Even in the absence of extreme weather, given the normal heat and humidity levels at his team’s research sites in Panama and Columbia, “things break and then you sit there in the field and try to solder a wire back to something late at night,” he says, laughing. “You’re dreaming about your nice lab where everything is so easy.”
Benda was driven from his comfortable lab a few years ago by a gaping hole in the body of scientific knowledge: weakly electric fish, which use electricity to communicate but not to stun prey, are popular subjects for neuroscientists who want to know how vertebrate brains process sensory information, but few if any researchers had ever eavesdropped on the animals zap-chatting in nature. Gaining this type of insight into the behavior of a species studied for decades in the lab is “a massively important undertaking,” says Malcolm MacIver, a neuroscientist and engineer researching animal behavior at Northwestern University in Illinois.
To record the fishes’ communication, Benda’s team had spent years devising grid-like arrays of electric signal sensors, with an amplifier to magnify the signals, to submerge into shallow streams.

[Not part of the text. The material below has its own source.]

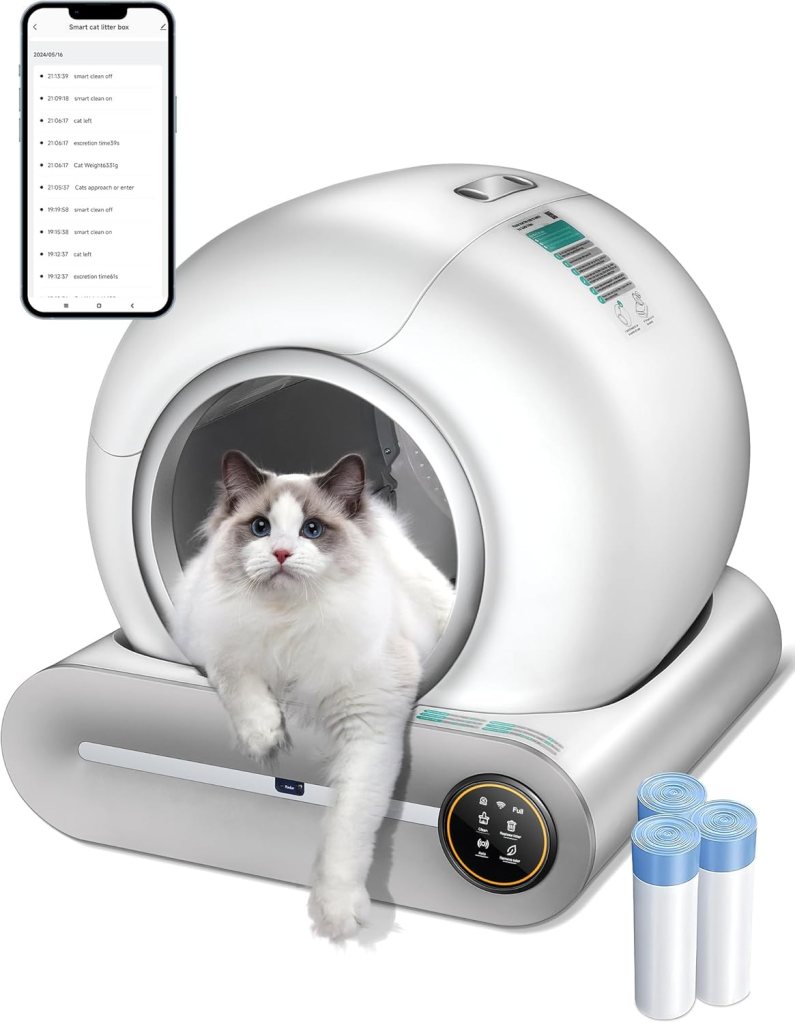 2025 self-cleaning litter box, upgraded robot automatic litter box for multiple cats, 65L+9L extra large capacity, features negative ion sterilization and deodorization, APP control, and health monitor.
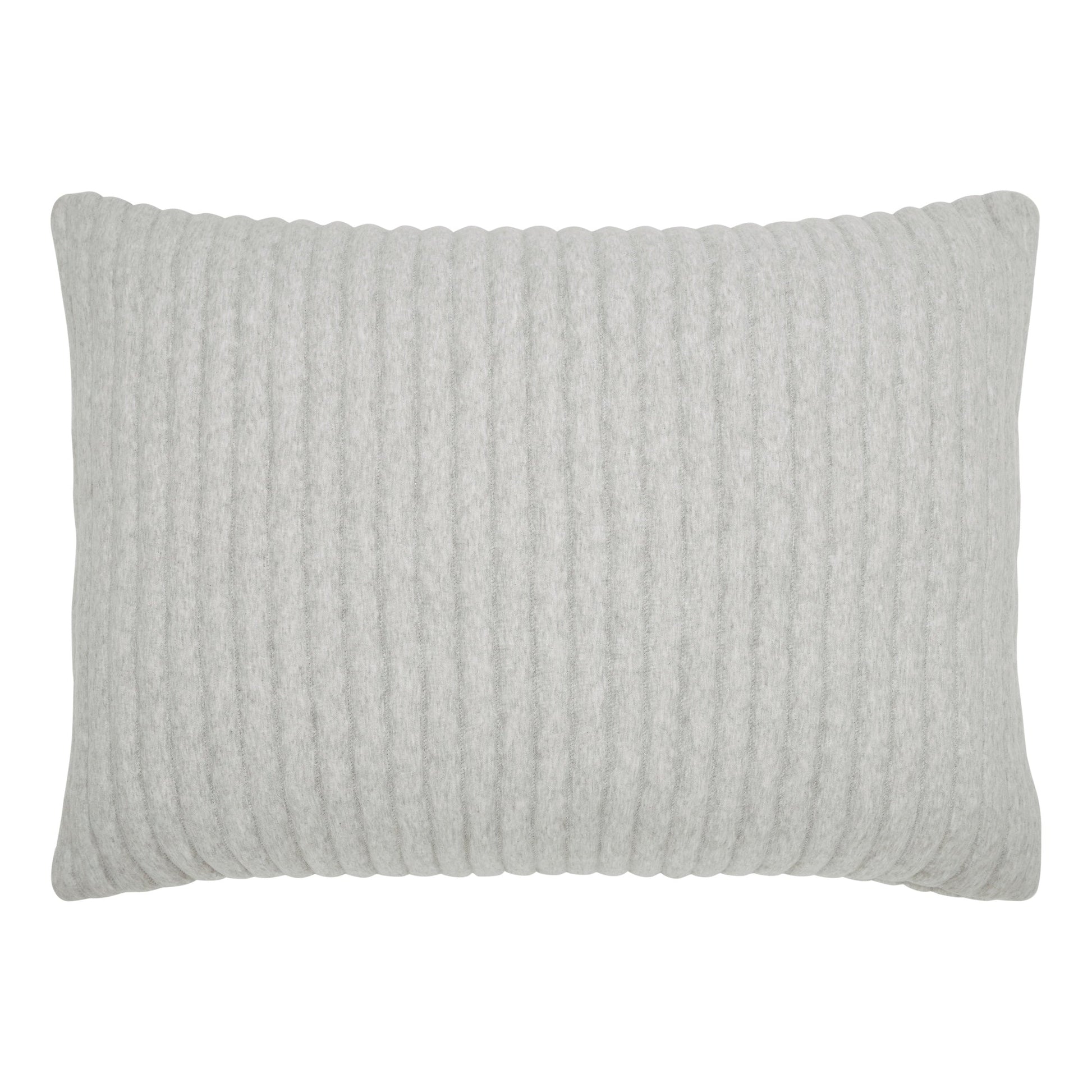 SS-375-2026_1|Light grey knitted quilted pillow with soft vertical ribbed texture, perfect for a modern, inviting bedroom. (112 chars)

Studying the fishes’ chatter this way is particularly appealing for neuroscientists, Benda explains, because data on electrical pulses, or “chirps,” can be used to discern what sensory information a given fish receives, and how it responds. Not only can the researchers measure any electrical signals a responding fish gives off, they can also infer any position changes it makes—each fish uses a specific frequency, and its location can be triangulated if multiple sensors are used.
It was a simple idea, but reeling in the data from jungle streams took some doing. “The Amazon is a real pain-in-the-butt place . . . to do research,” observes Eric Fortune, who studies the communications of songbirds and weakly electric fish at the New Jersey Institute of Technology and who has collaborated with one of the new paper’s authors, but was not involved in the current study. Fortune is intimately acquainted with the region’s difficulties, which can include fast-moving waters, hard-to-access sites, and unwelcoming human residents; he’s conducted a similar study of his own, not yet published, on a different fish species.
Once the logistical kinks were ironed out, Benda’s team crunched electrical signaling data collected in a short stretch of stream in Panama over several days. Their arrays had picked up the chatter of four different species, but the team homed in on the frequencies of just one, the gymnotiform knifefish (Apteronotus rostratus).
The researchers’ analysis, published this summer in The Journal of Neuroscience, turned up a few surprises. For one, males’ behavioral responses—such as attacking a nearby male, or modulating their own chirps in response to a female’s—revealed that the animals could detect extremely subtle signals from their neighbors. Between males, the team detected reactions to potential rivals that were more than 1.5 meters away, Benda says. “At this distance the electric field decays to such small amplitude . . . that this is the very lowest threshold where they can just perceive the signal at all.” Lab studies by his group and others have shown that such “super-small signals do not really evoke very obvious responses in the neurons . . . the firing rate of the neurons does not change dramatically.”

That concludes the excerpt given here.